The much-anticipated pitching duel Wednesday night between Felix Hernandez and Yu Darvish was everything it should have been — nasty breaking pitches, ridiculous change-ups, hissing fastballs and plenty of swings and misses.
But in the end, it was a late-inning implosion by the Mariners that decided the game, leaving the brilliant starting pitching as a footnote.
Seattle shortstop Brad Miller made a costly error and closer Fernando Rodney struggled with his command, allowing the tying run to score on a wild pitch and then giving up a walkoff single to Leonys Martin in a brutal 3-2 defeat against the Texas Rangers.

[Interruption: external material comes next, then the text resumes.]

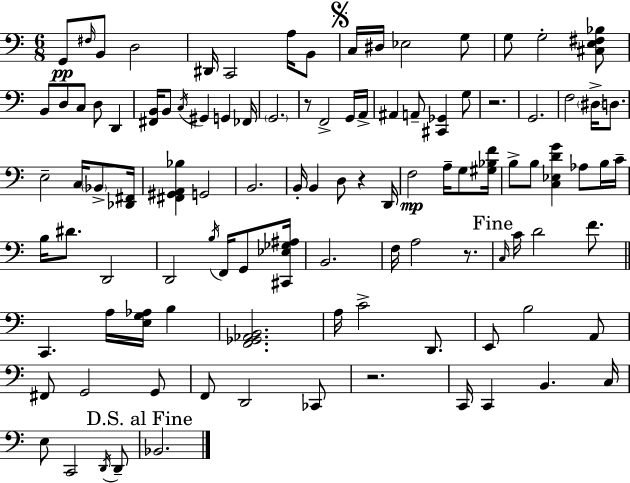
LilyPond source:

“That’s baseball,” manager Lloyd McClendon said. “Those things happen. Over the course of a 162-game schedule, you are going to win your share of those and you are going to lose your share of them. When you are on the losing end, it never feels good. Like I told my guys, ‘Turn the page, get ready for tomorrow.’ ”
After getting two outs in the bottom of the ninth and clinging to a 2-1 lead, Rodney gave up a single to Kevin Kouzmanoff and then walked Mitch Moreland. It appeared the Mariners had sealed the victory when pinch-hitter Donnie Murphy bounced a routine ground ball to Miller. But Miller bobbled the ball and then tried to make an underhand toss to Robinson Cano at second base. It was high, forcing Cano to leap off the bag and allowing Moreland to slide in safe.
“Once I bobbled it, I was thinking second was my best option,” Miller said. “It kind of ran up on me and I went to get it to him and threw it too high. I saw it was high off the get-go.”
With Martin at the plate and the bases loaded, Rodney threw a fastball by catcher Mike Zunino to the backstop that let Kouzmanoff sprint home to tie the game.
“We were going for a fastball away and it was just pulled across his arm,” Zunino said of the inside pitch.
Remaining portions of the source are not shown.